This Tuesday, 47-year-old Joseph Garcia is scheduled to be executed in Huntsville, Texas. Back in 2000, Garcia was a member of the infamous Texas Seven —- a group who escaped a maximum security prison in San Antonio and robbed several places for supplies. During one of those robberies, Police Officer Aubrey Hawkins was shot and killed. The men were apprehended a month later. While there is no evidence that Garcia fired a weapon (and may not have even been in the vicinity), Garcia was convicted under Texas’ controversial “law of parties,” in which co-conspirators can be tried as responsible along with the actual triggermen. A last minute bid for clemency was denied on Friday.

But Garcia’s story is much longer and sadder than the bare facts would lead you to believe and very few people — least of all the juries who convicted him – have heard all the details. The many tragedies and injustices that landed him in jail in the first place were detailed by Sister Helen Prejean, the famed nun and anti-capital punishment activist whose life was movingly portrayed by Susan Sarandon in Dead Man Walking.

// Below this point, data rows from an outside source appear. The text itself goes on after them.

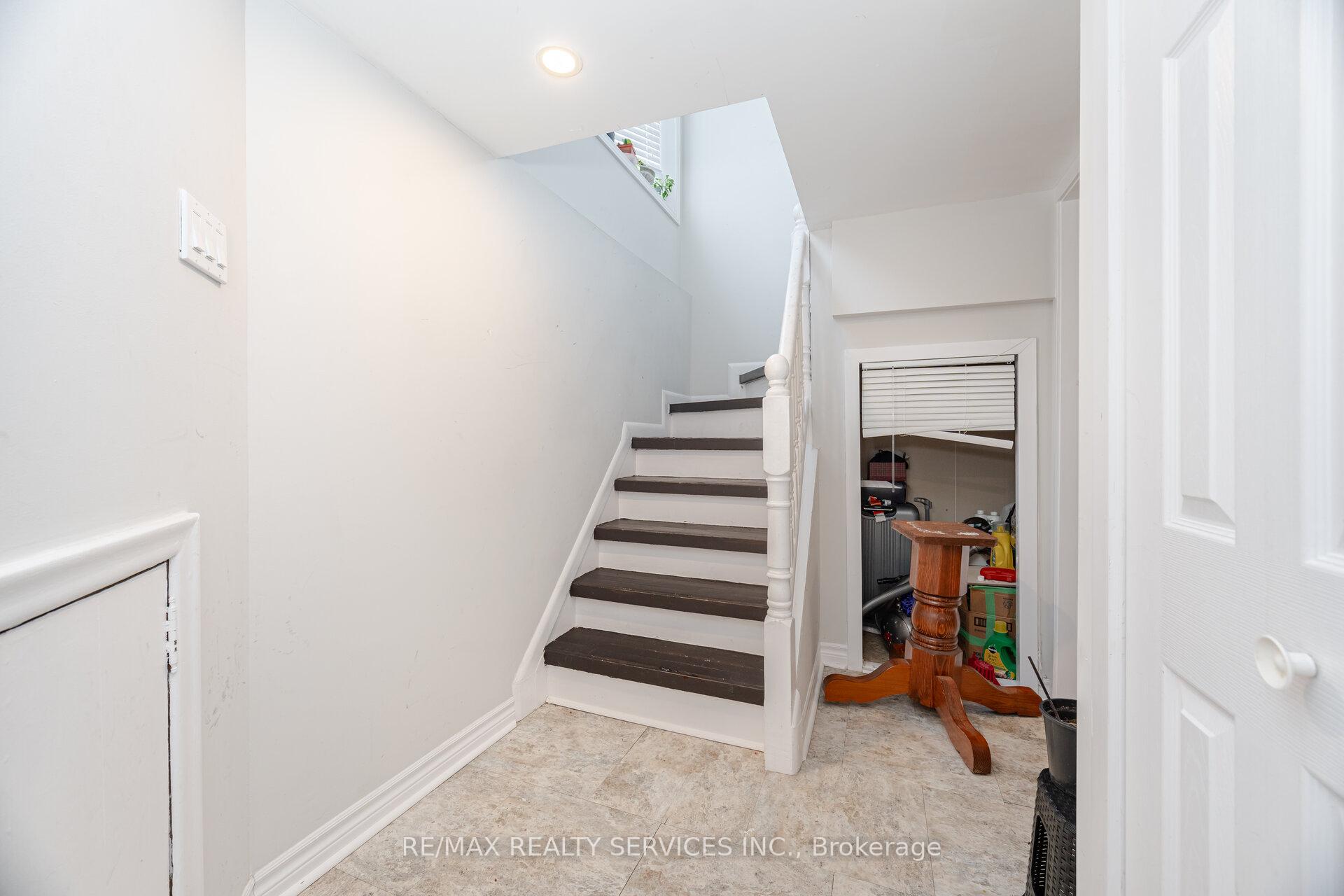 Photo 22 of 204 Craydon Road, Whitby, Downtown Whitby — HOMEH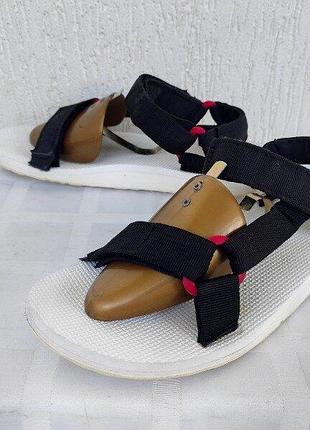 Брендовие текстильние босоножки teva р.41.5-42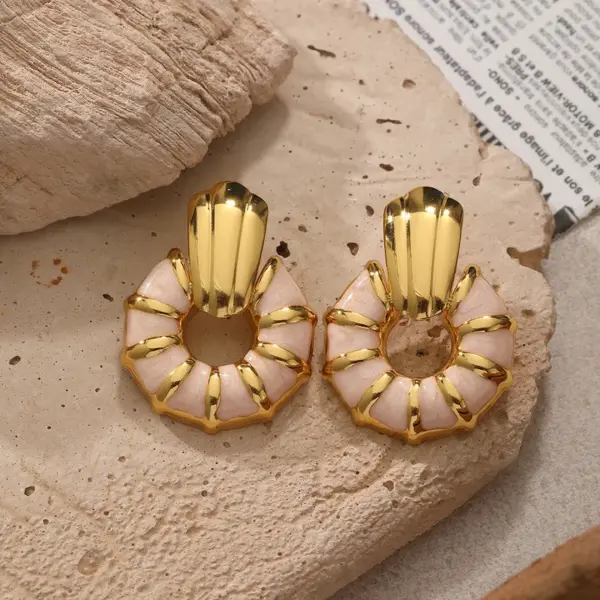 Wholesale Elegant Shell Shaped Enamel Drip Oil Non-Fading Earrings For Women Fashionable Luxury Stainless Steel Jewelry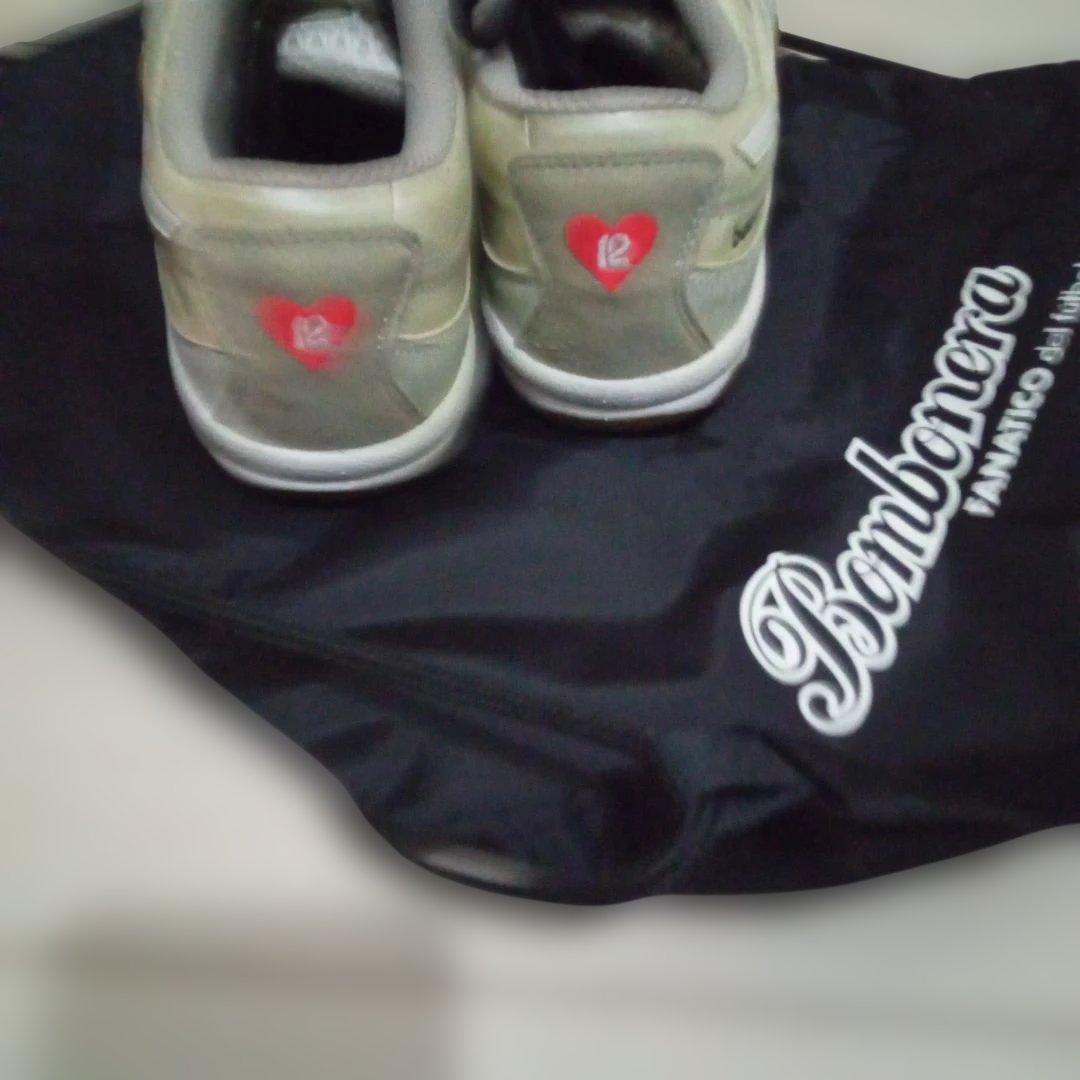 美品!《MIZUNO》《bombonera》コラボ★(限定)フットサルシューズ★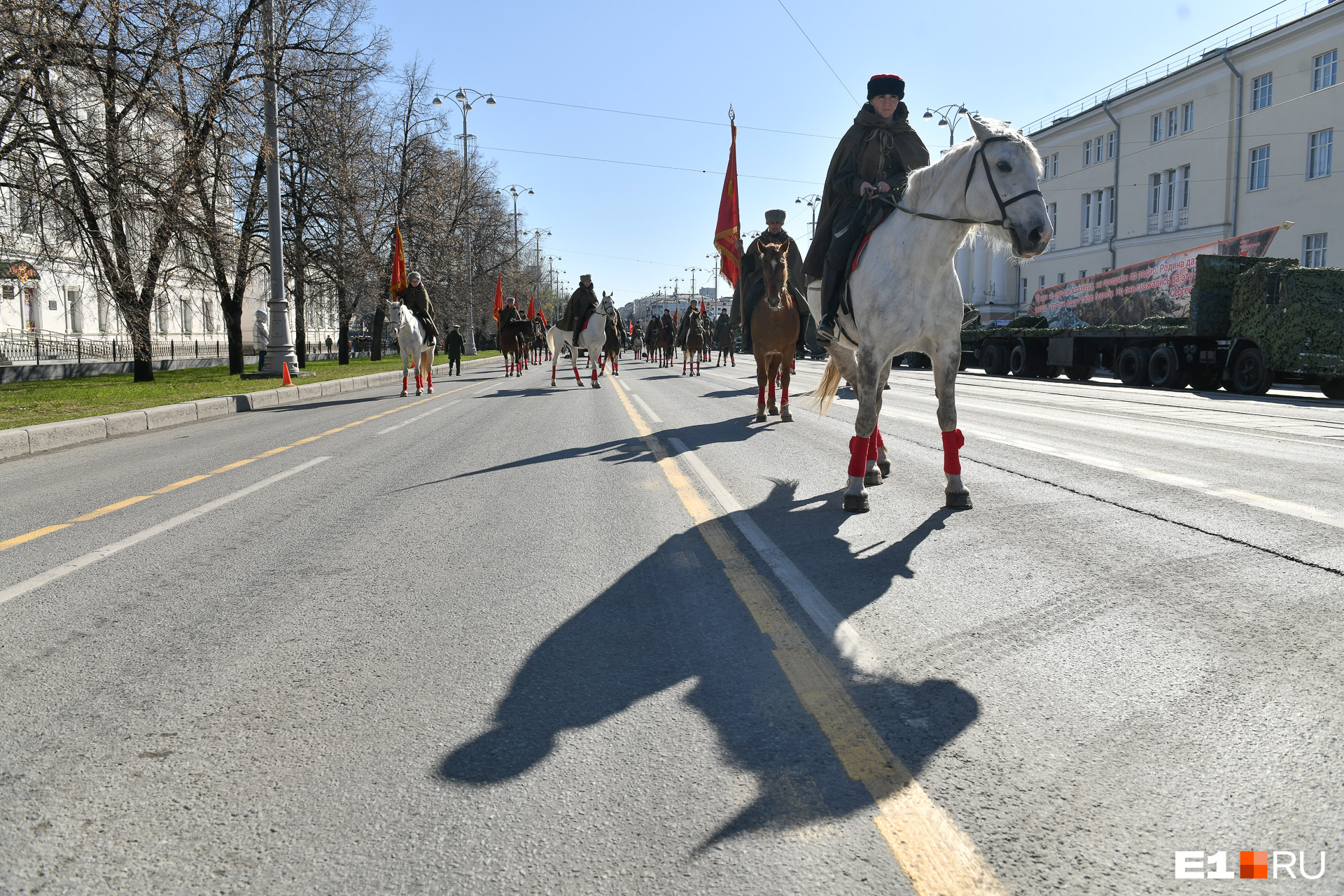 Всадники едут по площади в форме казачьих кавалерийских формирований времен Великой Отечественной войны Всадники едут по площади в форме казачьих кавалерийских формирований времен Великой Отечественной войны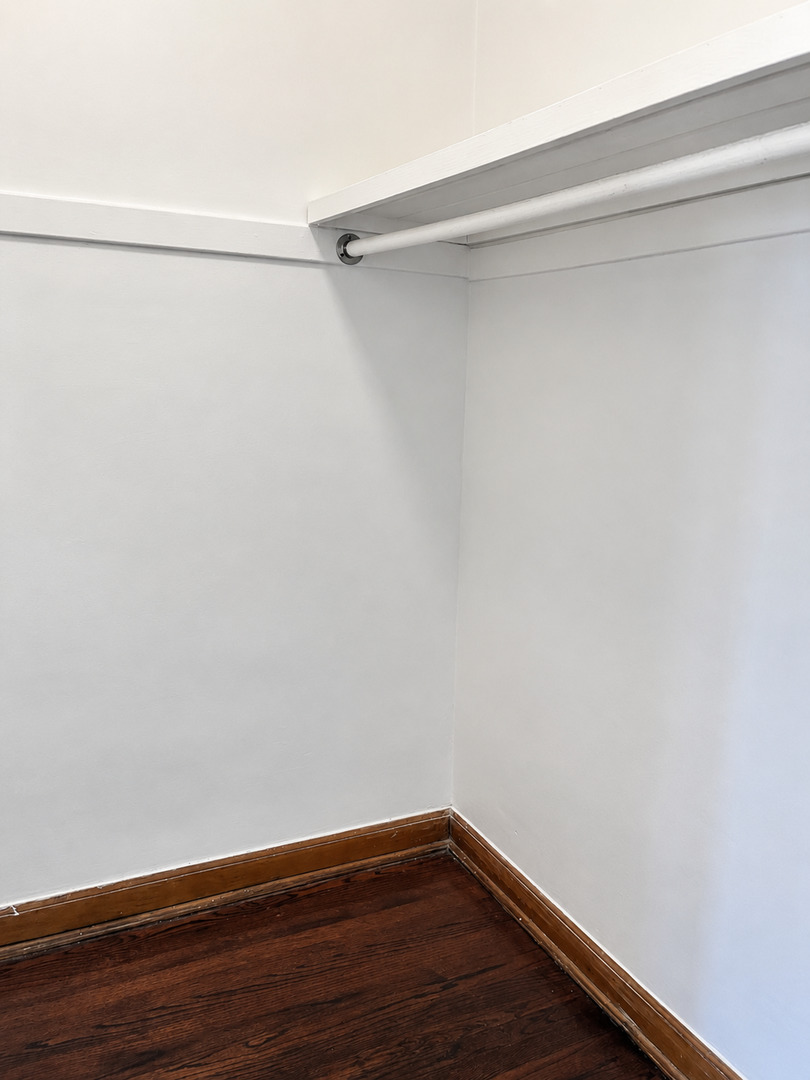 7348 N Ridge Boulevard Unit: 13B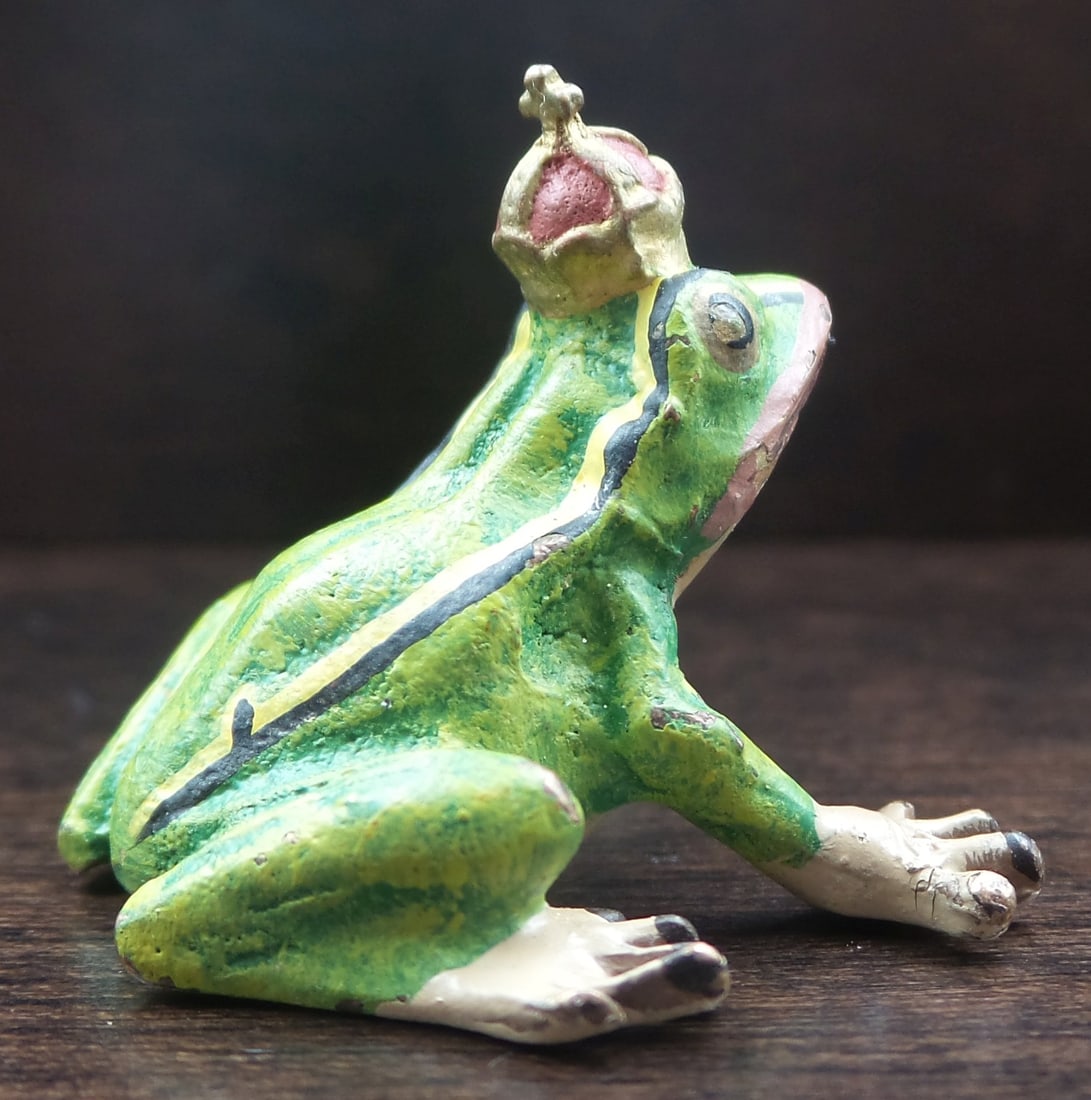 Antique FRITZ BERMANN Austria Cold Painted Bronze Frog King Figurine (1 of 7)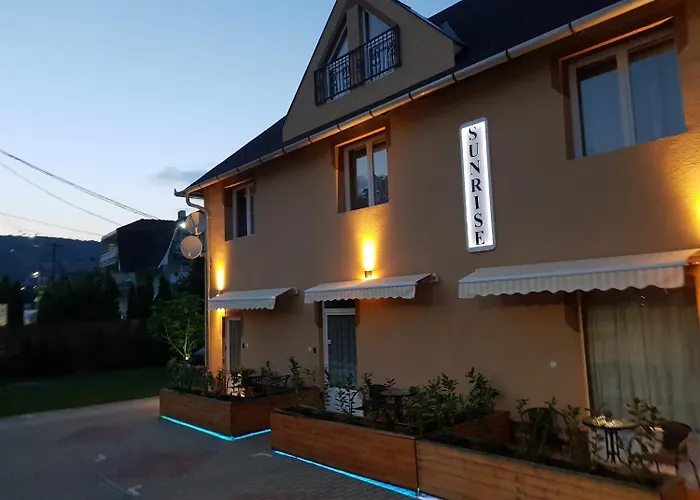 Pensjonat Sunrise Apartmanhaz 4*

In a lengthy Twitter thread, Sister Helen lays out the awful cycles of abuse, neglect and incompetence that have haunted Garcia’s life since he was a child. Raised in an abusive family by a young woman who battled a crippling addiction, Garcia’s early life was fraught with trauma and instances of assault.

In February of 1996, Garcia killed an intoxicated man in self-defense after being attacked and threatened by him numerous times. The state appointed attorney admitted that he didn’t pay much attention to the case (he only met with Garcia twice before the trial, for less than five minutes both times).

Garcia was sentenced to 50 years in prison. Then in 2000, the attempted jailbreak happened, and when Garcia and the others were re-apprehended, they were collectively tried for the death of Officer Hawkins — a crime for which Garcia has maintained his innocence. Garcia’s trial was once again plagued by the incompetence and indifference of the justice system, which badly botched his case. Among other indignities, it was recently revealed that the judge who sentenced Garcia harbored bitterly racist views.

A much longer summary of Garcia’s sad life can be sister in Sister Helen’s thread. Since the legal system seems unwilling or uninterested in hearing the full story of the man they are about to execute, the least the rest of us can do is hear it for ourselves.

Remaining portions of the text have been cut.